For the buns, the ingredients are equally simple: flour, sugar, baking powder, water, milk, and oil. Since the recipe was in Chinese, I had a bit of trouble understanding one part on the dough making and this probably caused the first screw up. Anyways, I did what I think is logical (in terms of dough making) and got the dough together. After letting it rest for about 1 hour, and dividing the dough into smaller portions, I rolled out each one and filled it with the pork filling. Once the water is boiling in the wok, I added the buns in there with a steamer and steamed it for 20 minutes. Here’s another mistake: for the first batch, I didn’t know that the timer should start after the water reboils (aka when you see steam coming out) so the buns wasn’t as puffy as the second batch.

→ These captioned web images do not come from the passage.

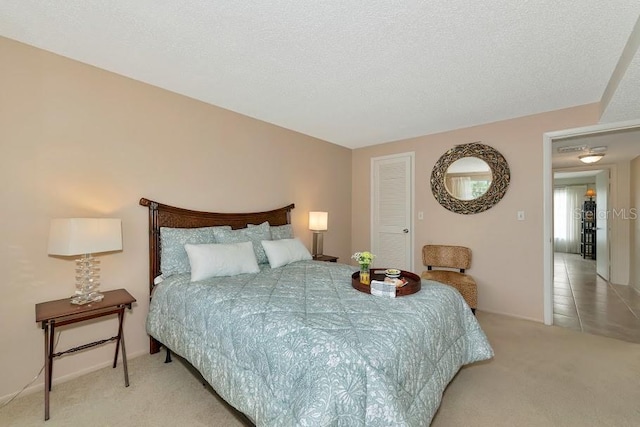 carpeted bedroom with a textured ceiling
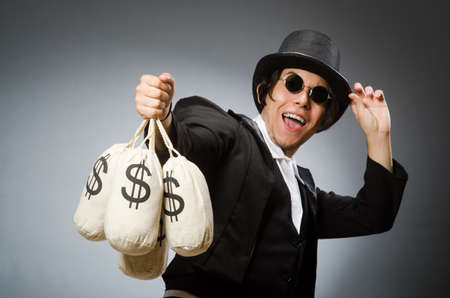 Funny man with dollar sacksの写真素材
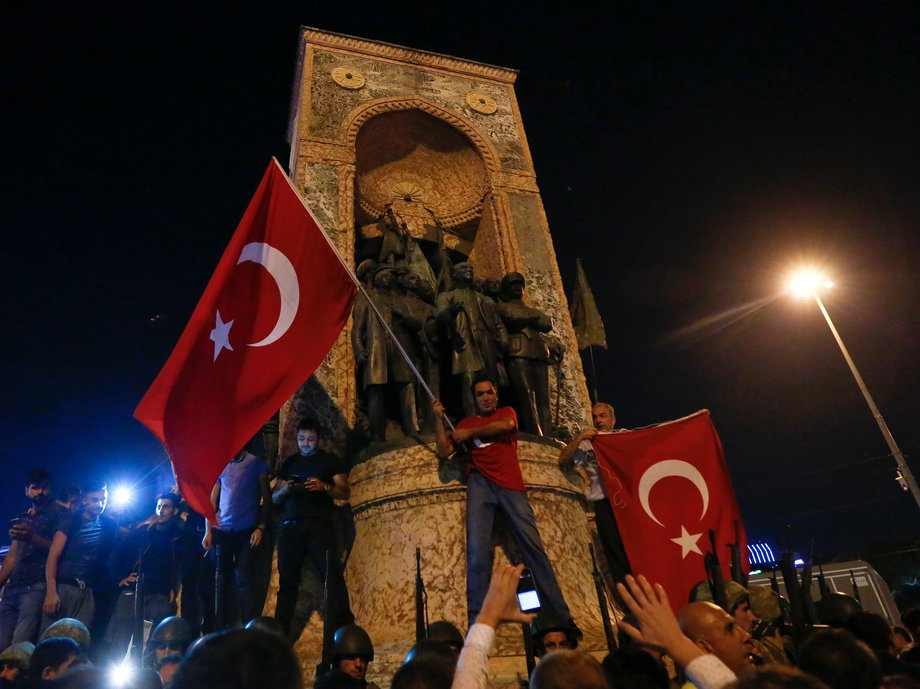 Turkish military stand guard near Taksim Square as people wave Turkish flags in Istanbul on July 16.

Here are a few more things that I noticed and will need to improve in the next trial:

  1. The dough has this pale yellow colour, I’m not sure where it is from since I’m using all-purpose flour, sugar and milk which is all white in colour. I think it might be the oil? I will try to use a lighter oil next time (will need to do some hunting around the house/store).
  2. The steam makes the top (crust) of the buns very dry and tough. The ones you get at the restaurants are very soft and sometimes will stick to your fingers. The crust is very thin, but will need to improve on the texture abit.
  3. The dough did not rise that much (partly because I might have misunderstood a small part of the recipe) and it’s not as fluffy as the “real” csb. Next time I’ll try to make it with yeast and see if that’d help. Or maybe adjust the amount of flour to make it lighter?

I’m giving this char siu bao a 7.5/10 because I didn’t like how the dough turned out. I’m going to use the same filling for the next attempt since this one seems pretty good.

CSB Experiment: The dead wok story
My dad killed the wok because before I add the last batch of buns for steaming, he said he’d help me add more water to the wok first (to ensure that you don’t run out of water since they evaporates as you steam. I asked him if he was sure he added the water and he said yes. So I loaded the steamer with the buns, set the timer for 20 mins when I see steam coming out then went to my room to get ready for bed. I came back to the kitchen 20 mins later and found that there’s no more steam coming out of the wok and the bottom is bright red. There was no more water and the heat is melting the bottom (or almost melting it). The buns were done but it got this brownish colour at the bottom (it looked like it was baked) from the heat. The wok is destroyed so now I have to wait till mom gets a new one before I can start steaming again.